[Opening EXTRACTED DATA section]
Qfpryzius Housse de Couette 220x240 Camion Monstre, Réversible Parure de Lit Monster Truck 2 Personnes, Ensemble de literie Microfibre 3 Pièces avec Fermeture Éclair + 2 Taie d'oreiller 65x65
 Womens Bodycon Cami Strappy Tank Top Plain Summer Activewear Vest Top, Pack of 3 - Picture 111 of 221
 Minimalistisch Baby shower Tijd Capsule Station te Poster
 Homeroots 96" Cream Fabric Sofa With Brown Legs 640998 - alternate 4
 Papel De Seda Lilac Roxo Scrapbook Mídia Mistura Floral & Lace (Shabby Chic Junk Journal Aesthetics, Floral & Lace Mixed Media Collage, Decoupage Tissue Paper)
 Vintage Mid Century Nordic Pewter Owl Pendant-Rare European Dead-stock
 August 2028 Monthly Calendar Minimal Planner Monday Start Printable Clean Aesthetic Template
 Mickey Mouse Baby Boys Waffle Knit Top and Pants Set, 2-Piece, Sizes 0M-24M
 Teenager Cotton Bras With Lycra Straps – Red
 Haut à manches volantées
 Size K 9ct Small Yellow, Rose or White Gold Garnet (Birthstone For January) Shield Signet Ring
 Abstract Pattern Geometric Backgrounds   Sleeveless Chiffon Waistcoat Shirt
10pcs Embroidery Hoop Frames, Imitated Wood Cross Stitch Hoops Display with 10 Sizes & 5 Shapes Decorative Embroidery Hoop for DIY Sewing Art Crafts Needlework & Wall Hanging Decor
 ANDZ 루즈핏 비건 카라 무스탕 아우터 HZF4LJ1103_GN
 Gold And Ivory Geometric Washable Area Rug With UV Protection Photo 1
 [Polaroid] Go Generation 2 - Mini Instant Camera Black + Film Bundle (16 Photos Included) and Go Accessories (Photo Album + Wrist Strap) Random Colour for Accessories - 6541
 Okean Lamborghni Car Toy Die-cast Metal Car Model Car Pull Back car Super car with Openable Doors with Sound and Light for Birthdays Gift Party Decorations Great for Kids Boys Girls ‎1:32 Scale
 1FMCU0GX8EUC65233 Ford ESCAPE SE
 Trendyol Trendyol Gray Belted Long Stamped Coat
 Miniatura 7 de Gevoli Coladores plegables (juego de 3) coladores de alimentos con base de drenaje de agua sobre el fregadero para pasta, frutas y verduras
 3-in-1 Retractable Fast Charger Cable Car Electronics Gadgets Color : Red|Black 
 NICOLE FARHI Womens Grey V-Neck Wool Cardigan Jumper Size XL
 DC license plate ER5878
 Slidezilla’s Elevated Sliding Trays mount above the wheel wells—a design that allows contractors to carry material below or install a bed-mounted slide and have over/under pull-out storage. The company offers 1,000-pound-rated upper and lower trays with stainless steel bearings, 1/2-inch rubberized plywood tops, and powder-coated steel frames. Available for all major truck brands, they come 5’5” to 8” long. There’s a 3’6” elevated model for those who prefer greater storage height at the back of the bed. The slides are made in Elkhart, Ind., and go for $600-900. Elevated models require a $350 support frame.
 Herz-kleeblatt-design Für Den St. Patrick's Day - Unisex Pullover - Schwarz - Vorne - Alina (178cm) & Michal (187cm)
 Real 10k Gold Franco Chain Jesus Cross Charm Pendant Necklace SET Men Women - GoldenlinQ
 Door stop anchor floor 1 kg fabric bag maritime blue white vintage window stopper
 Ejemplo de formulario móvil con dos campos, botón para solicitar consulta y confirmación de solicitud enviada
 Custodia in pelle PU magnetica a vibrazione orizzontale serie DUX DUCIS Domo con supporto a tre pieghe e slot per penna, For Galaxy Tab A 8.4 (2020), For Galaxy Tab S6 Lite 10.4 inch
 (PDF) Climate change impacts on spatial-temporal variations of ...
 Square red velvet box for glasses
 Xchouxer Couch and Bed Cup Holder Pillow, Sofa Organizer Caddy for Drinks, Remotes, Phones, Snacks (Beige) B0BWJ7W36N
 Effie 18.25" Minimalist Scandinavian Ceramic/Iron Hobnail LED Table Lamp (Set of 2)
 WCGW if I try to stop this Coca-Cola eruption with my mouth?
[Closing EXTRACTED DATA section]
• **THE PROBLEM**
The required result is an identical copy of the records above.

• **REPLY**
Qfpryzius Housse de Couette 220x240 Camion Monstre, Réversible Parure de Lit Monster Truck 2 Personnes, Ensemble de literie Microfibre 3 Pièces avec Fermeture Éclair + 2 Taie d'oreiller 65x65
 Womens Bodycon Cami Strappy Tank Top Plain Summer Activewear Vest Top, Pack of 3 - Picture 111 of 221
 Minimalistisch Baby shower Tijd Capsule Station te Poster
 Homeroots 96" Cream Fabric Sofa With Brown Legs 640998 - alternate 4
 Papel De Seda Lilac Roxo Scrapbook Mídia Mistura Floral & Lace (Shabby Chic Junk Journal Aesthetics, Floral & Lace Mixed Media Collage, Decoupage Tissue Paper)
 Vintage Mid Century Nordic Pewter Owl Pendant-Rare European Dead-stock
 August 2028 Monthly Calendar Minimal Planner Monday Start Printable Clean Aesthetic Template
 Mickey Mouse Baby Boys Waffle Knit Top and Pants Set, 2-Piece, Sizes 0M-24M
 Teenager Cotton Bras With Lycra Straps – Red
 Haut à manches volantées
 Size K 9ct Small Yellow, Rose or White Gold Garnet (Birthstone For January) Shield Signet Ring
 Abstract Pattern Geometric Backgrounds   Sleeveless Chiffon Waistcoat Shirt
10pcs Embroidery Hoop Frames, Imitated Wood Cross Stitch Hoops Display with 10 Sizes & 5 Shapes Decorative Embroidery Hoop for DIY Sewing Art Crafts Needlework & Wall Hanging Decor
 ANDZ 루즈핏 비건 카라 무스탕 아우터 HZF4LJ1103_GN
 Gold And Ivory Geometric Washable Area Rug With UV Protection Photo 1
 [Polaroid] Go Generation 2 - Mini Instant Camera Black + Film Bundle (16 Photos Included) and Go Accessories (Photo Album + Wrist Strap) Random Colour for Accessories - 6541
 Okean Lamborghni Car Toy Die-cast Metal Car Model Car Pull Back car Super car with Openable Doors with Sound and Light for Birthdays Gift Party Decorations Great for Kids Boys Girls ‎1:32 Scale
 1FMCU0GX8EUC65233 Ford ESCAPE SE
 Trendyol Trendyol Gray Belted Long Stamped Coat
 Miniatura 7 de Gevoli Coladores plegables (juego de 3) coladores de alimentos con base de drenaje de agua sobre el fregadero para pasta, frutas y verduras
 3-in-1 Retractable Fast Charger Cable Car Electronics Gadgets Color : Red|Black 
 NICOLE FARHI Womens Grey V-Neck Wool Cardigan Jumper Size XL
 DC license plate ER5878
 Slidezilla’s Elevated Sliding Trays mount above the wheel wells—a design that allows contractors to carry material below or install a bed-mounted slide and have over/under pull-out storage. The company offers 1,000-pound-rated upper and lower trays with stainless steel bearings, 1/2-inch rubberized plywood tops, and powder-coated steel frames. Available for all major truck brands, they come 5’5” to 8” long. There’s a 3’6” elevated model for those who prefer greater storage height at the back of the bed. The slides are made in Elkhart, Ind., and go for $600-900. Elevated models require a $350 support frame.
 Herz-kleeblatt-design Für Den St. Patrick's Day - Unisex Pullover - Schwarz - Vorne - Alina (178cm) & Michal (187cm)
 Real 10k Gold Franco Chain Jesus Cross Charm Pendant Necklace SET Men Women - GoldenlinQ
 Door stop anchor floor 1 kg fabric bag maritime blue white vintage window stopper
 Ejemplo de formulario móvil con dos campos, botón para solicitar consulta y confirmación de solicitud enviada
 Custodia in pelle PU magnetica a vibrazione orizzontale serie DUX DUCIS Domo con supporto a tre pieghe e slot per penna, For Galaxy Tab A 8.4 (2020), For Galaxy Tab S6 Lite 10.4 inch
 (PDF) Climate change impacts on spatial-temporal variations of ...
 Square red velvet box for glasses
 Xchouxer Couch and Bed Cup Holder Pillow, Sofa Organizer Caddy for Drinks, Remotes, Phones, Snacks (Beige) B0BWJ7W36N
 Effie 18.25" Minimalist Scandinavian Ceramic/Iron Hobnail LED Table Lamp (Set of 2)
 WCGW if I try to stop this Coca-Cola eruption with my mouth?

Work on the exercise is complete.